This
is Michael Oakeshott in 1967 likening his Notebooks,
1922-86 (ed. Luke O’Sullivan, Imprint Academic, 2014) to Giacomo Leopardi’s
prose masterwork, Zibaldone, published
in its entirety in English for the first time last year. The Italian title is
customarily translated “hodge-podge” or “miscellany,” though “grab bag” or “gallimaufry”
might lend an appropriately vernacular touch to what is, after all, a vast
gathering of fragments. Both books are collections of thoughts accumulated
across time and unified only by the writer’s sensibility. It’s a form that
encourages aphorism. Other works in the same formless form are Fernando Pessoa’s
irresistibly rereadable The Book of
Disquiet, Paul Valéry’s Cahiers/Notebooks
and Don Colacho’s aphorisms.
Oakeshott
(1901-1990) was an English political philosopher, not normally a calling I
follow with much enthusiasm, but he was also a first-rate writer of prose,
author of an essay that clarifies my thinking, “On Being Conservative” (Rationalism in Politics and Other Essays, 1962): “To be
conservative, then, is to prefer the familiar to the unknown, to prefer the
tried to the untried, fact to mystery, the actual to the possible, the limited
to the unbounded, the near to the distant, the sufficient to the superabundant,
the convenient to the perfect, present laughter to utopian bliss.” In other
words, uncommon common sense. Oakeshott devotes much attention to such formal
philosophers as Plato, Aristotle and Spinoza, but the notebooks include many
entries devoted to his romantic life and his reading. He was a devoted reader
of fiction, and among his favorite novelists were Cervantes, Turgenev, Tolstoy,
Henry James and Conrad. Judging by his notebooks, Oakeshott wasn’t much of a
gossip.
Thus
far, I’ve only browsed the Notebooks,
which is perhaps the most satisfactory way for a non-specialist, someone
frightfully ignorant of political theory, to read them. This is a book to live
with and grow slowly to know and depend on. Here’s a sample from a single page (519)
late in the book, from notes Oakeshott made in 1967. The first passage echoes
Oliver Edwards’ memorable remark to Dr. Johnson, as reported by Boswell: “I too
have tried to be a philosopher, but happiness keeps breaking in.” And then this:
“Love touched her, but found her without courage.” (Think of Anna Karenina.)

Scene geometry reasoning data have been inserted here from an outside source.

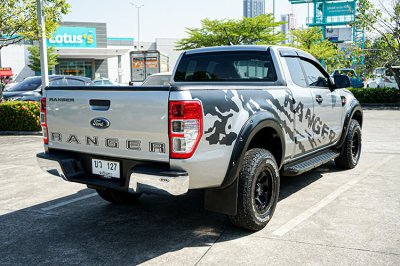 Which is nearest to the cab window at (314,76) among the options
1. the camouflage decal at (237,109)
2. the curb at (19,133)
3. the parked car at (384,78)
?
the camouflage decal at (237,109)

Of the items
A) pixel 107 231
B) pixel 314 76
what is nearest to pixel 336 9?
pixel 314 76

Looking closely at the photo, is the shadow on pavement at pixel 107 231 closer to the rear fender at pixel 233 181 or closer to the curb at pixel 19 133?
the rear fender at pixel 233 181

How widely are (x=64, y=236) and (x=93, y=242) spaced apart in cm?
37

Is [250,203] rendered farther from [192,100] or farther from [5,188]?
[5,188]

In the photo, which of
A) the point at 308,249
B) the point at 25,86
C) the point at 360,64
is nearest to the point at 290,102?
the point at 308,249

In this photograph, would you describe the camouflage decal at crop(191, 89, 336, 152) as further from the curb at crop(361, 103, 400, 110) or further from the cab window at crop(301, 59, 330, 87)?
the curb at crop(361, 103, 400, 110)

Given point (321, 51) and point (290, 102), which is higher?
point (321, 51)

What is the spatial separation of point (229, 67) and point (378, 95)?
56.0 feet

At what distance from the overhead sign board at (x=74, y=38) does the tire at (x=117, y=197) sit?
44.1 metres

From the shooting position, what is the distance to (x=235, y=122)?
3648 mm

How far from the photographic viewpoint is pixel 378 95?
786 inches

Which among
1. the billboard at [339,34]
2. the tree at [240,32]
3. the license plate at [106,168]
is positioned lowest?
the license plate at [106,168]

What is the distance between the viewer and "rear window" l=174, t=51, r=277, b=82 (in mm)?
4906

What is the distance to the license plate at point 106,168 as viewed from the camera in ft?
12.0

Next, Oakeshott transcribes a quotation, possibly by Eugène Delacroix
(according to O’Sullivan): “Only this morning when I got up I said to myself,
where are the good old days when I was unhappy.” Oakeshott comments: “Ah, those
dear vanished days when I was so unhappy.” (Oakeshott, we learn, had the driest
of wits.) Next, Oakeshott visits pop culture: “When pop music provides anything
half as good as Ronald Burge’s `Take a look at Ireland’ [unidentified by O’Sullivan]…The
indescribable vulgarity of `Sergeant Pepper.’” Then a terse statement that
might serve as Oakeshott’s apologia: “In everything he had his own way of doing
it.” Oakeshott then quotes the first two lines of Henry Howard’s poem to Sir
Thomas Wyatt, inscribed on Wyatt’s memorial in the Wykeham chapel of Sherborne
Abbey:
“Wyat
[sic] resteth here, that
Quick
could never rest”
The
most thoughtful and well-written review I have read of Leopardi’s Zibaldone was Adam Kirsch’s in the New Republic. Here’s how it begins, and
the words apply with equal justice to Oakeshott’s Notebooks, the work of a political philosopher:
“Ours
is an age of exposure and self-exposure. Only what happens in public, we tend
to believe, is really real; and it becomes more real the more people see it
happen. This way of thinking is, among other things, hostile to literature. For
literary experience begins in privacy, in the mind of the writer, and it is
consummated in privacy, in the mind of the reader. Books are printed and sold,
and reviewed, only in order to facilitate this kind of invisible intimacy. It
follows that it is always impossible to say with certainty just where the
genuine literary and intellectual life of any period is taking place, at least
until it is over. Only later, sometimes much later, do the hidden traces of
that life begin to surface.”
1 comment:
Lichtenberg's aphorisms also deserve to be placed in that company.
Aphorism K 214: While it's fashionable to write for the public about the most intimate secrets, I have chosen to write in secret about public things.
J 523: Nothing offers a clearer view about the judgement of the civilized world than the fact that Spinoza was considered for a long time to be an evil, worthless man, and his thoughts to be dangerous.